3. Fiil açısından Halık ile mahlûk farklıdır. Zira Allah’ın Fiilinde ortağı yoktur.
Hıristiyanlıkta ise uluhiyyet inancı Yaratan ile yaratılan arasında geçişliliğe açıktır. Bir başka ifadeyle ‘lâhut’ ile ‘nâsut’ arasında mahiyet farkı yoktur.
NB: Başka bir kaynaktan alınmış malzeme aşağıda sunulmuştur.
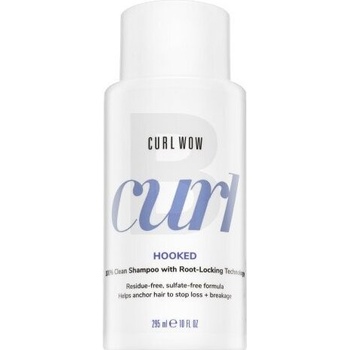 Color Wow Curl Wow Hooked Clean Shampoo 295 ml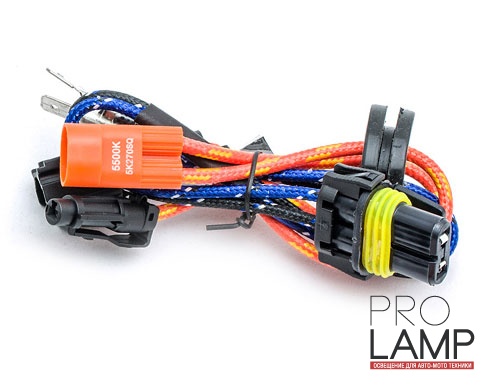 Ксеноновые лампы Optima Premium ITP H7 — ksenonovaya lampa itp H7 4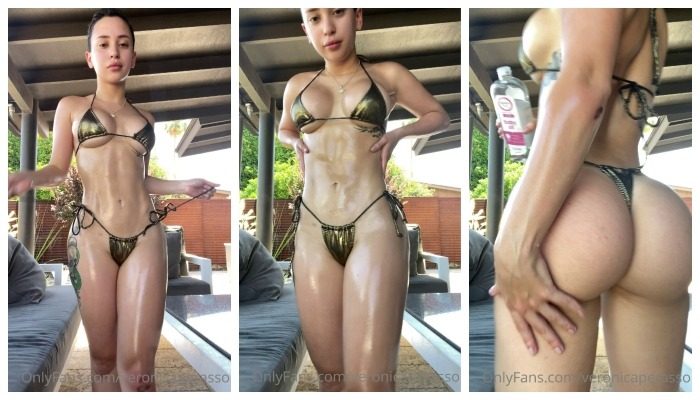 Veronica Perasso Onlyfans Big Oily Ass Video Leaked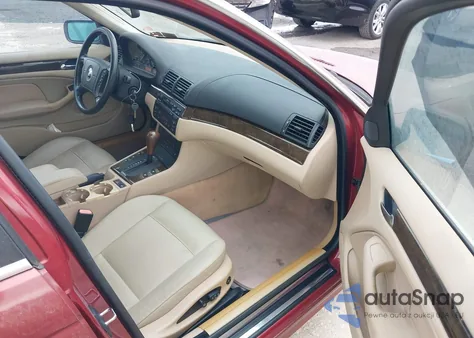 1999 BMW 328 I Automatic z USA, uszkodzony, nr VIN WBAAM5333XFR03162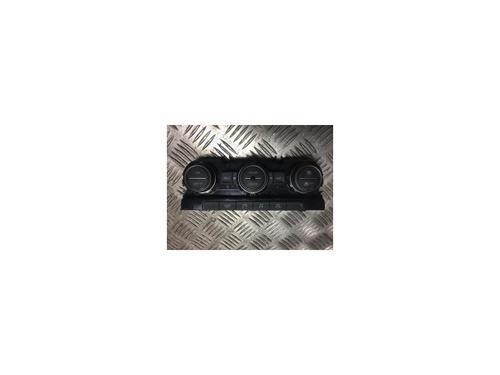 AC Styreenhet / Manøvreringsenhet VW GOLF VII (5G1, BQ1, BE1, BE2) 1.4 TSI (125 hp) 25306729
Zaten baba-oğul-kutsal ruh’tan oluşan üçleme (teslis) inancı, ancak böyle bir felsefi arka plan üzerine bina edilebilirdi.
Kur’an mahlûkatın başlangıcını kun (ol) emrine dayandırır: “O bir şeyi murad ettiği zaman, ona ol (kun) der.”
Bu ayetteki “ona” (lehu) ibaresinden, varlığın yaratılmazdan önce bir mayasının olduğuna ve Allah’ın varlığı o özden yarattığı sonucuna varanlar olmuştur. Fakat ayette kastedilen mana, “yoktan var etme” olsa gerektir. Ayetteki “o” zamiri, “Allah’ın irade ettiği şey”e döner. Dolayısıyla o var etmeden varlığın maya olarak O’nun var etmesinden bağımsız var olduğu söylenemez. Eğer varlığın var edildiği bir mayadan söz edilecekse, o ilâhî iradedir.
Ayetteki cümlenin devamı daha önemlidir: feyekûn (o da oluş sürecine girer). Bu bir muzari fiildir. Üç zamanı birlikte temsil eder: Geniş zaman, şimdiki zaman, gelecek zaman.
Yani: “Olur, olmaktadır, olacaktır.” Cümlenin başındaki iza zaman zarfı, muzari ile gelecek vurgusu katar. İza şartının cevabının il olarak gelmesi, eylemin ‘tekrarlanarak yenilendiğine’ (teceddüd) ve ‘sürekliliğine’ (istimrar) delalet eder. Bu, varlığın ilk başlangıcına dair Allah’tan başka kimsenin veremeyeceği bir haberdir.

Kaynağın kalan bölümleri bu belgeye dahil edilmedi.